The Sasoli () is a Baloch tribe in Balochistan province of Pakistan.

Ancestors of Sasoli: Sardar Yusuf Khan Sasoli, Sardar Allah Gul Khan Sasoli, Sardar Qayyum Khan Sasoli These Sardars are called historical and great Sardars of Sasoli tribe.  After the death of Sardar Yusuf Khan Sasoli, his son Sardar Nasrullah Khan Sasoli became Sardar, after the death of Sardar Allah Gul Khan Sasoli, his son Sardar Muhammad Gul Khan Sasoli became Sardar, and after the death of Sardar Qayyum Khan Sasoli, his son  Sardar Changez Khan Sasoli became Sardar. And this is the current Sardars of the Sasoli nation. According to tribal tradition, the Sasoli migrated from Aleppo, in modern Syria, along with other Baloch tribes. According to ethnologists and linguists, however, the Baloch, including Sasoli, originated from the Caspian Region, potentially from Balasagan.

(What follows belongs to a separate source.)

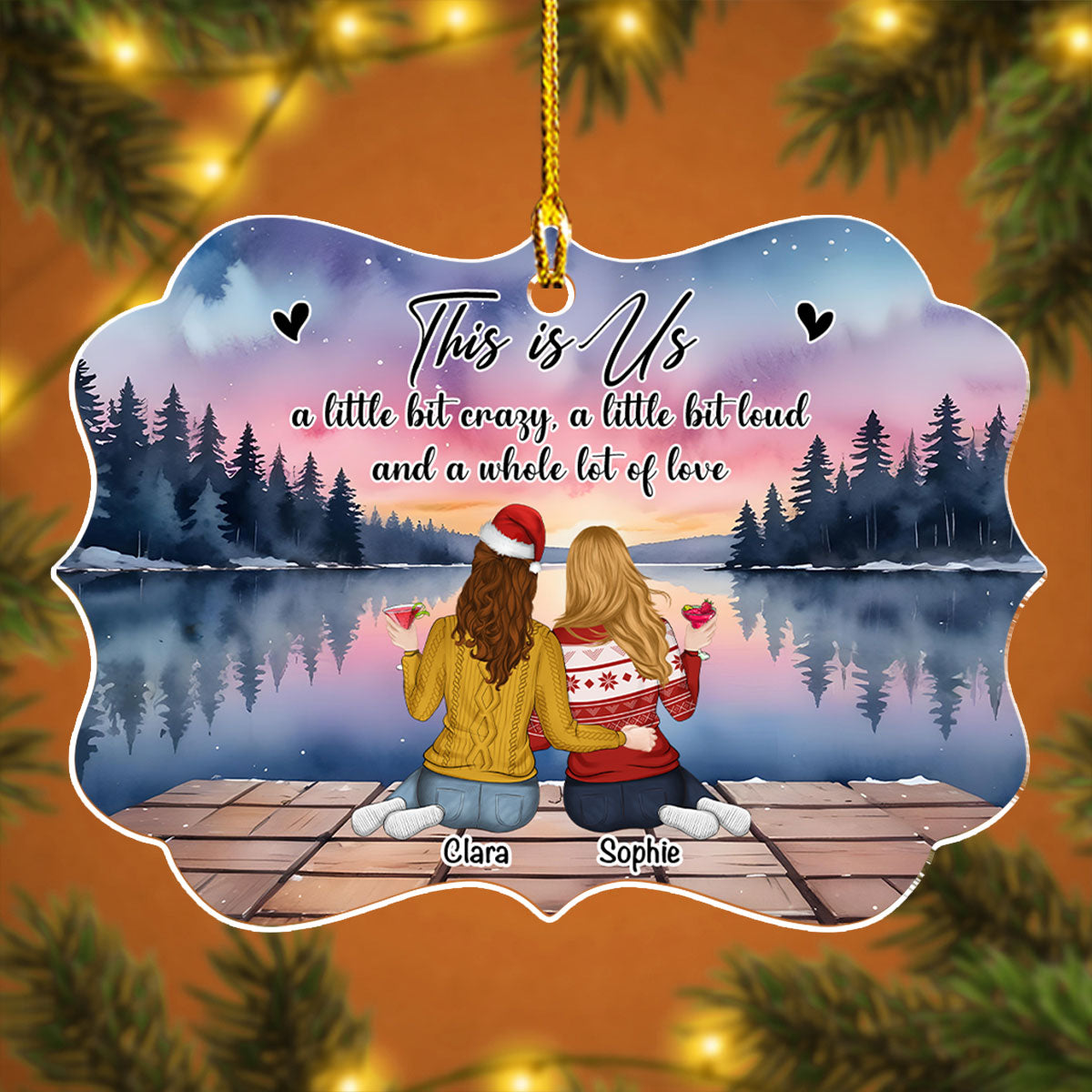 Custom Family Ornament, Christmas Gift for Family Members •  This Is Us Bestie - Personalized Acrylic Ornament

The tribe has many branches including Allah Dadzi, Lashkarzai, Zarrenzi, Baloli and Alam Khanzi. It is the second largest Balochi tribe by population.

Many Sasoli are bilingual, speaking the Balochi and Brahui languages. 

Sasoli people can also be found in the Karachi Sindh, Punjab and Khyber Pakhtunkhwa provinces of Pakistan. The Sasoli also have heredity lands in Iran, Afghanistan, Oman, UAE, Saudi Arabia, and India.